D’inquiétudes latentes, aussi, car de cette luxuriance immédiatement perceptible, aux hampes raides cernant tels de puissants becs d’oiseaux les personnages, sourd peu à peu une obscure menace. De leur densité polychrome et échevelée, ou au contraire de leur strict ordonnancement en formes répétitives aux couleurs froides, naît chez le spectateur une sensation de malaise imprécis : comme si les forts contrastes d’ombres opaques et de lumières en grandes masses vibrantes ; les passages de la légèreté et du foisonnement à une concentration austère... créaient des milieux paradoxaux qui se voudraient paradisiaques, mais sont de véritables huis clos ! Car les créations de Gudrun Morel, œuvres d’exploration, de fouissage, aux symbolismes souvent forts, générés par ces motifs très décoratifs, ne sont pas de celles où l’on entre aisément.

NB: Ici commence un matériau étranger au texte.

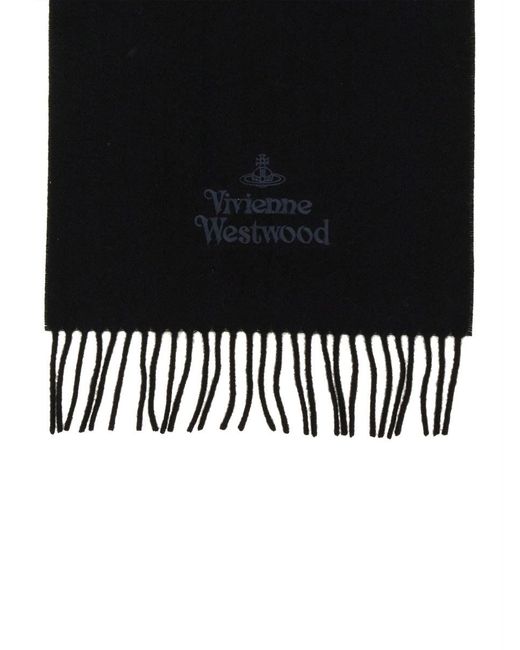 Vivienne Westwood Black Scarf With Logo Unisex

Certes, il semble facile de cerner la femme lascivement étendue dans l’eau lactescente de quelque "Paradis" lagunaire ; suivre du doigt les formes généreuses et les seins idéalement galbés de la "Penseuse de Tizayuca", les courbes exacerbées de la rêveuse de "Nopalès" ou les muscles cuivrés de la vahiné des "Tropiques"... ; rouler sur sa langue, dans la complicité de circumnavigations aux échos poétiques, des titres pleins de rêve, comme "Recuerdos de Jabali", "Mystère de Colima", "Playa rosa"... ; se laisser entraîner par des rythmes picturaux nés de transparences, d’opacités précieuses, posées autour de corps solitaires ou de couples serrés, “sertis” comme dans des écrins très ouvragés ("Un jour la vie", "Chicas"...).

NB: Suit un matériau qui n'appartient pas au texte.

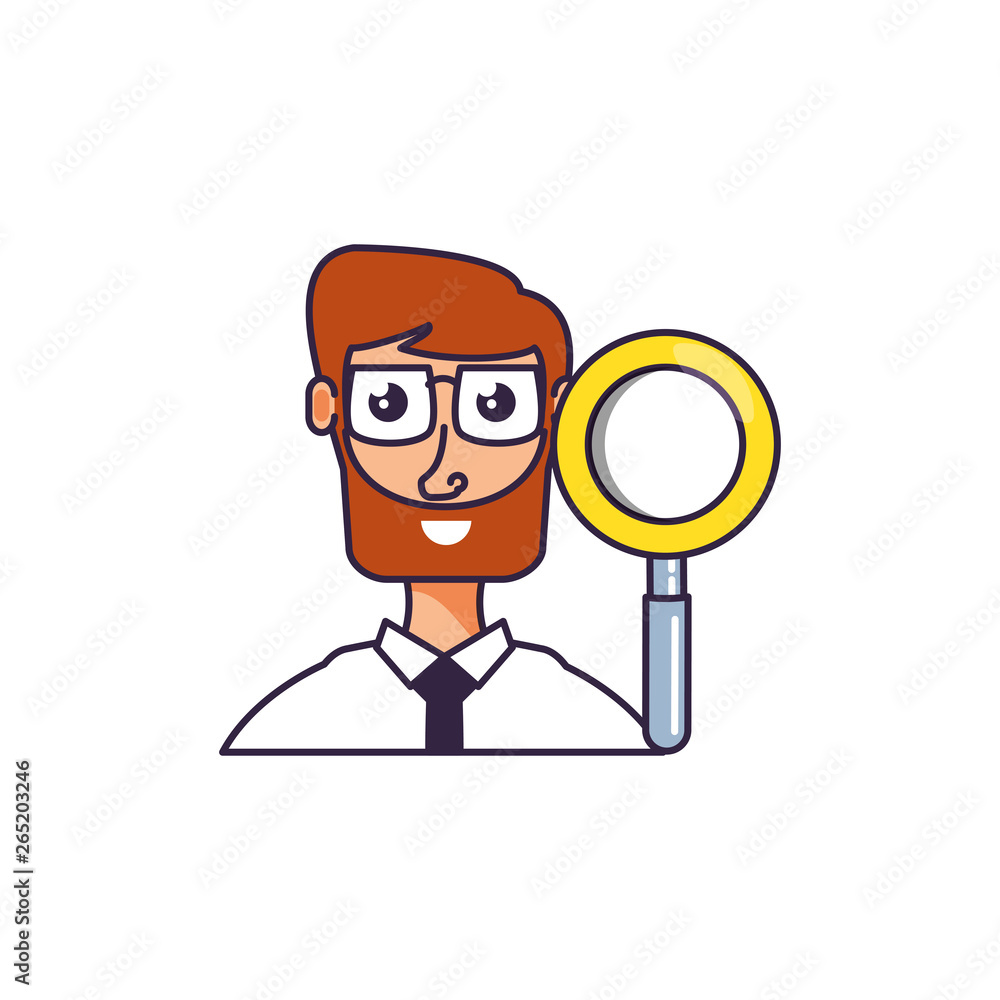 businessman elegant with magnifying glass businessman elegant with magnifying glass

Mais il faut bientôt se rendre à l’évidence : ici, une femme a les mains liées en signe de "Soumission" ; ailleurs, ses vêtements situent celle au "Regard lointain" dans un folklore étriqué ; les corps nus –tous féminins-- longuement élaborés, ne sont qu’objets prisonniers de l’image du plaisir que donne leur perfection. Et les sylves tropicales explosent en réalité autour de ces personnages, en un orbe impénétrable ("Un jour la vie", Rêveuse"...) Prenant conscience de cet enfermement, l’artiste essaie alors de “se” rééquilibrer en déséquilibrant son tableau, en passant de cette flore omniprésente à un tracé à peine réaliste, devenu non-signifiant. D’autres fois, tellement -trop- puissamment prise dans cet enchevêtrement, elle laisse un espace blanc qui “flotte” à l’acmé psychologique de la scène comme, après un chorus déchirant, flotterait un épais silence ! Mais, si -comme elle l’affirme- Gudrun Morel trouve dans ce “vide” un répit, se ménage une sortie ; à ce moment-là, le spectateur la “perd” un peu, car ce “lieu” est bel et bien clos, lui aussi !
Et les couples, dans cet univers à la fois spontané et longuement échafaudé ; conçu avec un sens aigu d’une dramaturgie picturale ? Très préoccupée à l’évidence de l’idée de communication, l’artiste les “met en scène”, en gros plan, enlacés, embrassés... à l’avant du décor. Les titres, alors, se veulent rassurants : "Connivence", "Plénitude", etc. Mais il semble bien que là encore, prédomine l’angoisse ; que chaque étreinte soit un étouffement ; que le grand orbe de "Brûlure de la passion" ressemble à s’y méprendre à l’enfer ; que le corps de la femme, porté par l’homme dans "Bouquet final", ne soit fait que d’ombres creuses, les têtes des deux protagonistes devenant fleur vénéneuse ; et l’homme, enfin, vêtu de noir, agrippant le corps nu et réticent de la femme dans "Incompréhension", rappelle étrangement la mort.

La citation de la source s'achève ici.